I spent a couple hours after work today getting some stuff out of the way. Got as far as getting the rack loose.


And of course there is more evidence of the spider colony that one inhabited the car.

I did remove the old steering rack bushings. The centers pushed right out by hand, as did the rubber.

I'll try and get the responses in order:



Great!

Good start. Consider attacking with engine cleaner and such now. The rack and the shield are down so the cavity in the crossmember is available for flushing. Drain the oil first but leave the filter there until cleaning is done. Cover the alternator first, but otherwise pretty much everything on the block, frame and suspension is fair game for serious cleaning. After the engine cleaner, a second bath of your favorite car-wash detergent will help with residue. Do Not Use Any Of The Purple Degreasers. The foamy engine brite is solvents plus emulsifiers, and is safe for aluminum. The purple stuff is caustic, and is specifically not safe for aluminum. Read the label. One of those free to two dollar Harbor Freight plastic tarps makes a great rinse shield for the floor and the stands. Tie-wrap the tarp to the stands so the rear prevents rearward crud migration while rinsing. Saves a bunch of floor cleanup under the car later, and will hold some of the crud for easier disposal.

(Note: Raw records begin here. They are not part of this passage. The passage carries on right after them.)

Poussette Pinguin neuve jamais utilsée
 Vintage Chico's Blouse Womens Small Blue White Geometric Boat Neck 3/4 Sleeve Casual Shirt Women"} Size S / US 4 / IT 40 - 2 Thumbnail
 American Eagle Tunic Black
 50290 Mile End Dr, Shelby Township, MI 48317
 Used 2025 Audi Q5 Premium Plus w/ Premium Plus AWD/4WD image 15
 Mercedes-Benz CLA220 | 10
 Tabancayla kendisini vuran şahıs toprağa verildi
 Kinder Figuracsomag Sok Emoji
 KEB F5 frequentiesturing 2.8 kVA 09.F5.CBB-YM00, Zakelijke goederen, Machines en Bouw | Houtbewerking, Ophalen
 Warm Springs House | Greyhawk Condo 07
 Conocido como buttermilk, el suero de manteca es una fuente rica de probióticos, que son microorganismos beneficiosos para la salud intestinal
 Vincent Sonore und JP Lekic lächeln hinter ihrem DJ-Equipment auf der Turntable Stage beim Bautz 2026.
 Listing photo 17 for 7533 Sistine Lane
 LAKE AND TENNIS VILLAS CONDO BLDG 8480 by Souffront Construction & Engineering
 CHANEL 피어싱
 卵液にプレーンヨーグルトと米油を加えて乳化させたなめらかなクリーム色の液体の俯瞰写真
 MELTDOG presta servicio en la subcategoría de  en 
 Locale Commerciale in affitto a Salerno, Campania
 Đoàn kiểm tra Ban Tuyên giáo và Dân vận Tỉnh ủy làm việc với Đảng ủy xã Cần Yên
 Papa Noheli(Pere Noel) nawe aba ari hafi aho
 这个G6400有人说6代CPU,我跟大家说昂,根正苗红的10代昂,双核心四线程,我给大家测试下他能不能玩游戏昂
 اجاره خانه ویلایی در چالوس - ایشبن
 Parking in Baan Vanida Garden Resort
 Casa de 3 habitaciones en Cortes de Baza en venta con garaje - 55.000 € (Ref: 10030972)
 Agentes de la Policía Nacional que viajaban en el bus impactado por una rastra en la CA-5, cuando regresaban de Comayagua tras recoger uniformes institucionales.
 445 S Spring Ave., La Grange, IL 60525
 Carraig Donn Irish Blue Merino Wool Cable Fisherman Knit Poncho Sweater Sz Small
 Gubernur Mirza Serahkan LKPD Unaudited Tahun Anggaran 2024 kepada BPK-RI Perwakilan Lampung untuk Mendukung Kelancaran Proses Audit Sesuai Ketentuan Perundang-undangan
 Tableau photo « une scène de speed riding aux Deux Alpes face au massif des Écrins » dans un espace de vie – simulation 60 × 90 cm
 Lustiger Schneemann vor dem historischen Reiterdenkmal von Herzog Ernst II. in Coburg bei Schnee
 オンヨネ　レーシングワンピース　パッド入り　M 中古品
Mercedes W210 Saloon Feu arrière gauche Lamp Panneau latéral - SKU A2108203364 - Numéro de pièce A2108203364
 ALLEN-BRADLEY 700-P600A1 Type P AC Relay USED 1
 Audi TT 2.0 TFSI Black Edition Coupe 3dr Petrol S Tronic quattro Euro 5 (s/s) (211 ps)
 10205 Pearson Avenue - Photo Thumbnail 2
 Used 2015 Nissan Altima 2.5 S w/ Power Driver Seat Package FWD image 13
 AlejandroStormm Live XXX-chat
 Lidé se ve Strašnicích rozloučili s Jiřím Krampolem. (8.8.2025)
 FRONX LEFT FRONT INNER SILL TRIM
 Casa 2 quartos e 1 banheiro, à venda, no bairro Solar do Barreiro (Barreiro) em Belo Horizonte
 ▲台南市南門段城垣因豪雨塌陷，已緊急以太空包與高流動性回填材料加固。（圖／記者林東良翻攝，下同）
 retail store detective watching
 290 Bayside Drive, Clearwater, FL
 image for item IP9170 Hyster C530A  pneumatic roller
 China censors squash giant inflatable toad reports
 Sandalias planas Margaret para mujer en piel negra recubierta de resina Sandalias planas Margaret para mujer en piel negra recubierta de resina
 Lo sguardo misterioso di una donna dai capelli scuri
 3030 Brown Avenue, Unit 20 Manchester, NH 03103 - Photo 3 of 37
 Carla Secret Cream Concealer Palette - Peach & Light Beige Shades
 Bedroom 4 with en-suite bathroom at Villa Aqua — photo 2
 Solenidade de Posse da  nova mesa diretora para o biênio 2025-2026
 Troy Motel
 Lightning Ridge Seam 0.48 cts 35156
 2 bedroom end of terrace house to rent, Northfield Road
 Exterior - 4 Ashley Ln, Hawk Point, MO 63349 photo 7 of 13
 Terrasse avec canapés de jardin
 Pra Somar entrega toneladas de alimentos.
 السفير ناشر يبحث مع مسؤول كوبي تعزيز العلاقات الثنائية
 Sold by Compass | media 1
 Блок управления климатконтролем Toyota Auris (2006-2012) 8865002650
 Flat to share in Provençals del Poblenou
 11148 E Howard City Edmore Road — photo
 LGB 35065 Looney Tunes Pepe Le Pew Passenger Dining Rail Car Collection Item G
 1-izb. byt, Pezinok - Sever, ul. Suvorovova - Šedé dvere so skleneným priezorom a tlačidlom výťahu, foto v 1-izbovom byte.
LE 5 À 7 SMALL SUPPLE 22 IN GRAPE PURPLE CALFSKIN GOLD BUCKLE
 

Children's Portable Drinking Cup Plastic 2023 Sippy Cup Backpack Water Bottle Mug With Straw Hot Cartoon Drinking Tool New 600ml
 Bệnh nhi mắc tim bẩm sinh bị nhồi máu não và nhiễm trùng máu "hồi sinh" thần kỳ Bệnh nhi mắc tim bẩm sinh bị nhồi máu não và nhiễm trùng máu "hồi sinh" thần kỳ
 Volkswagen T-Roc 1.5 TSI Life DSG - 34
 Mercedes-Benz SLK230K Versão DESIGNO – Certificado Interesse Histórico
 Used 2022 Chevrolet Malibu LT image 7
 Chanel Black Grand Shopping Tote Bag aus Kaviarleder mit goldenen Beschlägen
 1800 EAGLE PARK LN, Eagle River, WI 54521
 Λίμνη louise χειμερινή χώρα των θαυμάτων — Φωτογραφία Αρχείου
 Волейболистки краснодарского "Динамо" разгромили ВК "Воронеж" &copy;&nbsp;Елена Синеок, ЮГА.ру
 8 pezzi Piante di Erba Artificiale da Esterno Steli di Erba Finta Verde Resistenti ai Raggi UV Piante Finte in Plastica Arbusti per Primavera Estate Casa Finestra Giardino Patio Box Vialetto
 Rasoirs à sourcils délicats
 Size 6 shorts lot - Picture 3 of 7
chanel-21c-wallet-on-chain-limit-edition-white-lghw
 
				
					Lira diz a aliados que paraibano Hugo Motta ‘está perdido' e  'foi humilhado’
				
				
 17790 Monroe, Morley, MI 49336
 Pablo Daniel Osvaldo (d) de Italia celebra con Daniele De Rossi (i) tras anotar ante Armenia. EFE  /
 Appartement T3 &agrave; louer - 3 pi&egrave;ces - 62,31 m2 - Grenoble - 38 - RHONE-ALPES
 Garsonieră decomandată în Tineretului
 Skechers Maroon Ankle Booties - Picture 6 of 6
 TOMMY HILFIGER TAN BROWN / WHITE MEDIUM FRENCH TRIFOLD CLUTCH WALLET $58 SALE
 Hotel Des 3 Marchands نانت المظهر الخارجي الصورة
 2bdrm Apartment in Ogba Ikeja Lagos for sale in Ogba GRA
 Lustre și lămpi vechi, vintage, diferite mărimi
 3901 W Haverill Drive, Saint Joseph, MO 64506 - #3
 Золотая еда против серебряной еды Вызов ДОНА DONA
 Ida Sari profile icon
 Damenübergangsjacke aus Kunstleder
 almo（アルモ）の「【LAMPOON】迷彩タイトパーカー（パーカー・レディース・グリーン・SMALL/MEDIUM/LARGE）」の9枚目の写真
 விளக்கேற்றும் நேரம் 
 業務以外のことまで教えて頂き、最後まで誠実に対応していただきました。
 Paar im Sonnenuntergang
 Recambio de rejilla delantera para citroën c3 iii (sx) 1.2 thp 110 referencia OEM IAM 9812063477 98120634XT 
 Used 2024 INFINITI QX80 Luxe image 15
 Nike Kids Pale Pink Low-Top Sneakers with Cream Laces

Remove evidence of spider colony that once inhabited the car.

You are 75% of the way on the steering rack bushings. The fact that the rubber pushed out easily is evidence of the need to replace. The other 90% of the bushing removal is getting those outer steel sleeves from the rack ears. These were the outside of the original bushings, with the rubber bonded to them. I used a sharp small flat chisel and a tapping hammer to gently un-mushroom one side of each bushing. Then grab what you can with pliers and twist to collapse the shell and remove. Others report good results using an air chisel. I didn't want to risk scarring the ears, so too the more surgical approach.

Reminders: Battery is disconnected, and you'll want to take a picture of the cable bundle where it passes the starter and then turns back. Ditto the routing of the harness from forward that joins the battery cable. Ditto the power steering lines connection to the rack, and how they route and attach to the crossmember. Keep the fasteners in logical groups by application/location, noting where some are "the same but longer" in what looks like the same duty. I use some saved kitchen plastic cups.

I keep a plastic coffee container, the one with the big lid and a handle on it. Put an inch or three of deodorized mineral spirits in there. Drop a fasteners group in there, screw the lid on. Shake well to agitate the pieces and get them clean. Inspect, repeat if needed. Use a magnet to extract the pieces, rinse in mild Dawn dish-washing detergent, rinse again and allow to dry. Takes a LOT of the work out of small-parts cleaning.

Have fun!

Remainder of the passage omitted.